_Material shown_
>>>>

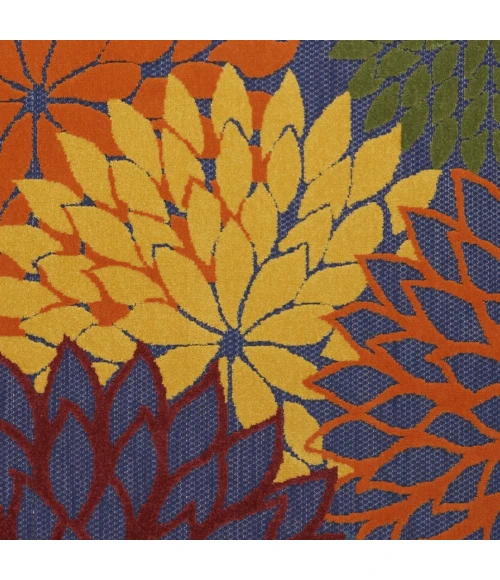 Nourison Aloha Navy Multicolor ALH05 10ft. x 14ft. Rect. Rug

<<<<
>>>>

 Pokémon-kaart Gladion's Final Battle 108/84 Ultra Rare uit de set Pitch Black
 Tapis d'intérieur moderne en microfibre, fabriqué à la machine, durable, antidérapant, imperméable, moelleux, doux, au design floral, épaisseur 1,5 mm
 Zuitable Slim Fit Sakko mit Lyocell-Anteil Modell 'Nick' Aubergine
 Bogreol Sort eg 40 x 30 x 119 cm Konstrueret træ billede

<<<<
>>>>

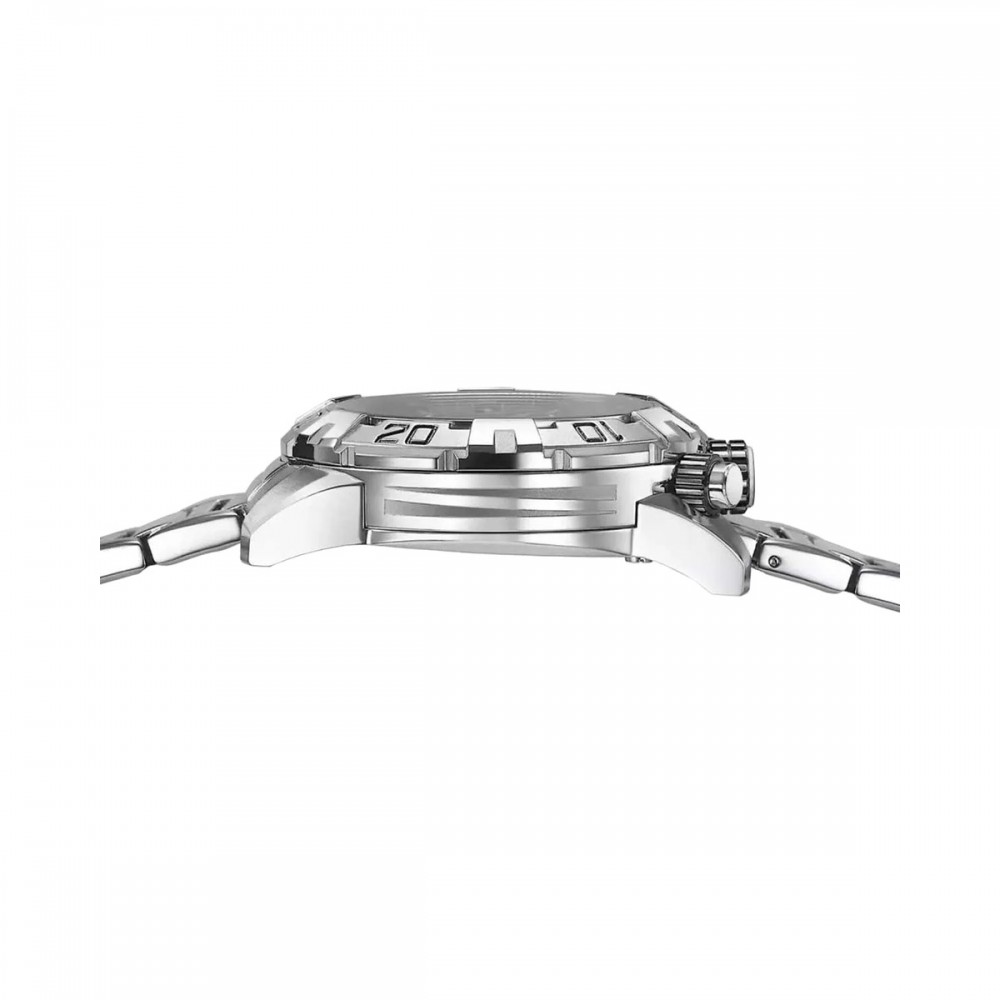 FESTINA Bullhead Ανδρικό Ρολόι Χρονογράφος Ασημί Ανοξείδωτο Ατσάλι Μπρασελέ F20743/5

<<<<

_What you need to do_
Among the entries above, locate the lines containing "Pokémon-kaart Gladion's Final" and "Bogreol Sort eg", and transcribe exactly those two lines and all lines between.

_Result_
 Pokémon-kaart Gladion's Final Battle 108/84 Ultra Rare uit de set Pitch Black
 Tapis d'intérieur moderne en microfibre, fabriqué à la machine, durable, antidérapant, imperméable, moelleux, doux, au design floral, épaisseur 1,5 mm
 Zuitable Slim Fit Sakko mit Lyocell-Anteil Modell 'Nick' Aubergine
 Bogreol Sort eg 40 x 30 x 119 cm Konstrueret træ billede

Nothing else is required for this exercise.